Diğer taraftan, The Avengers filminin after scene kısmında gördüğümüz Skrull ile birlikte, ekibin sinemasal macerasının Gizli İstila ile dirsek teması halinde olabileceği ön görüsünde bulunuyoruz.
2- LOGICOMIX
Son yılların en ayrıksı çizgi roman deneyimlerinden biri diyebilirim Logicomix için… Apostolos Doksiadis, Alekos Ppadatos, Hristos H. Papadimitriu ve Anne Di Donna dörtlü ekibinin başının altından çıkan bu matematik ve felsefe dozu yüksek hikayenin, sıradan bir çizgi öykü olmadığı aşikar. Treviso Çizgi Roman Festivali’nde En İyi Çizgi Roman Ödülü’nü kapıp götürmüş olan Logicomix, ilk etapta okul dergilerinin eğitici – öğretici köşeleri için resimlenmiş gibi gözüken minimal çizimleri ile sizleri fazlasıyla yanıltabilir.
Doksiadis’in, Bertrant Russell eksenli hikayesi, önce toplumsal meselelere verilen tepkilerden yola çıkıyor. Russell, önceleri bu tepkilerin doğrudan verilmesi gerektiğini savunsa da, insani reaksiyonlara matematiksel açıklamalar getirmenin yollarını arıyor. Evrenin matematiksel açıklamasını yapmaya çalışırken tıkanan Russell, işin içine felsefeyi de katıyor.
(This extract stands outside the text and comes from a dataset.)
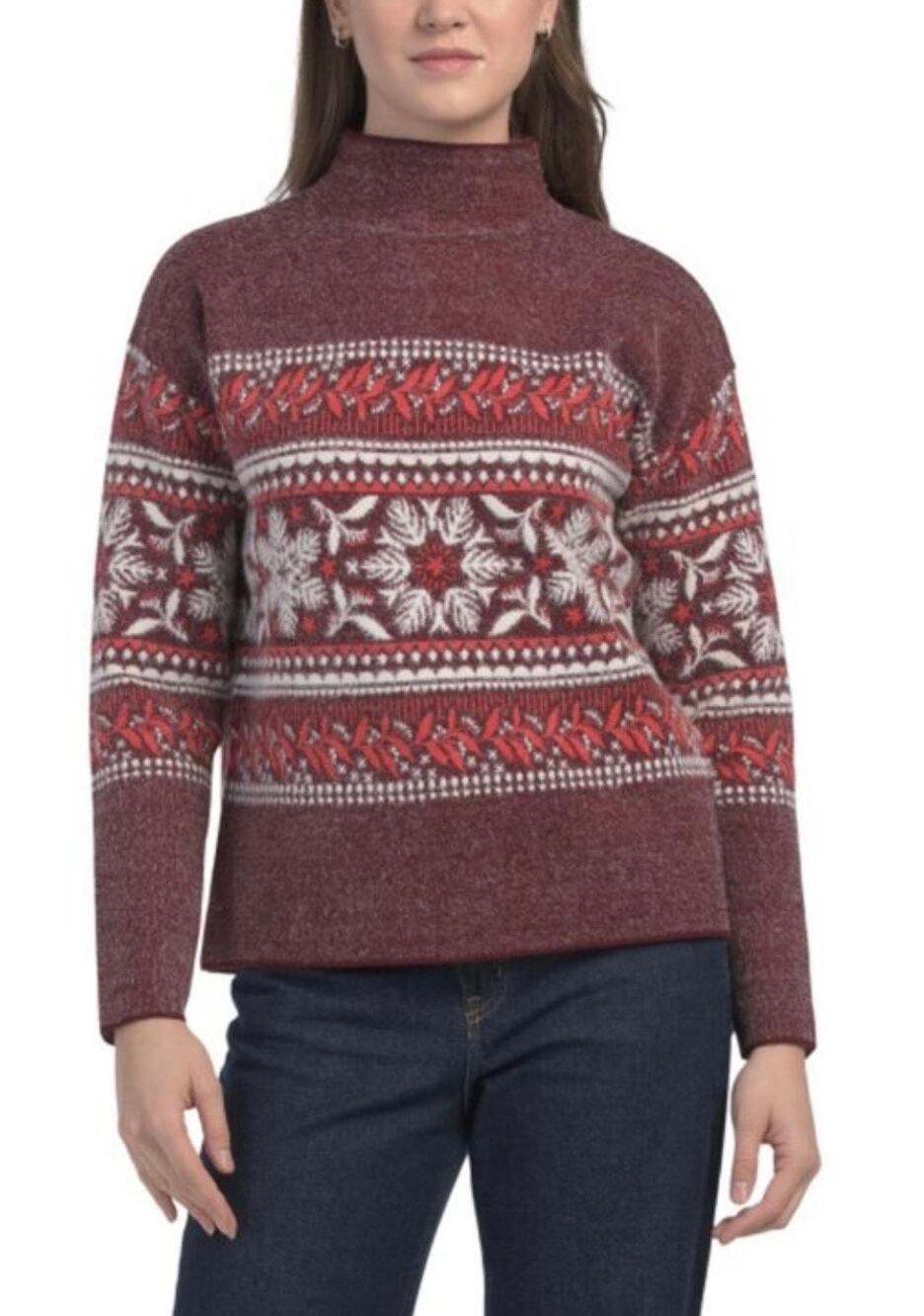 Nordic/Fair Isle style Rachel Zoe Red Sweater Size Medium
Ama Doksiadis, hem Russell’ın hem de çevresindeki insanların reaksiyonlarının bu “açıklama çabası” içerisinde bir kalıba girmeye ve otomatikleşmeye başladığını da düşünerek, hikayeyi sürekli hareket halinde tutuyor.
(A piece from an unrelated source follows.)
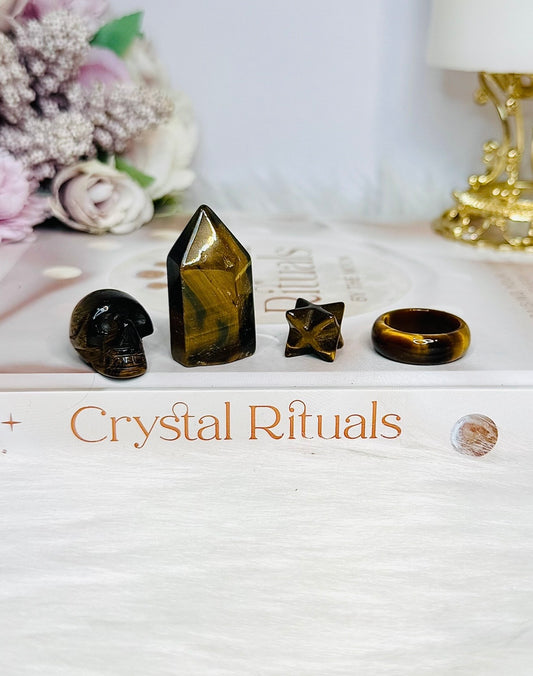 Tigers Eye Tower, Ring, Skull & Merkaba Carvings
Logicomix, kuşkusuz draje bir hikaye örneği değil. Normal şartlar altında kurgusal bir roman olabilecek bu fazlasıyla dolu öykü, yaratıcı ekibin grafik tercihler üzerine gevelemeyi de fazlasıyla keyifli buldukları için çizgi roman formatında çıkıyor karşımıza. Son yılların en başarılı çalışmalarından biri!
1- THE WALKING DEAD / YÜRÜYEN ÖLÜLER
Sadece lezzetli çizgi romanı ve başarılı televizyon serisi ile değil, bilgisayar oyunu ve romanları ile de hikaye ilerleyişine devam eden Yürüyen Ölüler fenomeni, hayatımızın yabana atılmayacak kadar önemli bir kısmını işgal etmeyi sürdürüyor.
Bir kısmı Öteki Sinema’da olmak üzere, seriye dair bir edilecek kelamların büyük çoğunluğunu hali hazırda tükettik! Yürüyen Ölüler, yurt dışında olduğu gibi ülkemizde de en çok takip edilen çizgi serilerden biri olarak anılmaya bu yıl da devam etti. Hal böyle olunca her cildinde ayrı ayrı dumurlara gark olduğumuz, takip sırasında şuh küfürler savurduğumuz hatta zaman zaman sinirlerimiz gerildiği için okumaya birkaç dakika ara verdiğimiz Yürüyen Ölüler’e dair söyleyecek ekstra bir sözümüzün de kalmadığını fark ettik!
Dolayısı ile Yürüyen Ölüler’i listenin tepesine kondurmayı uygun bulduk. İlla şunun ya da bunun için değil, sırf Yürüyen Ölüler olduğu için üstelik!
Avengers filminin sonunda Thanos çıkıyor, Skrull değil.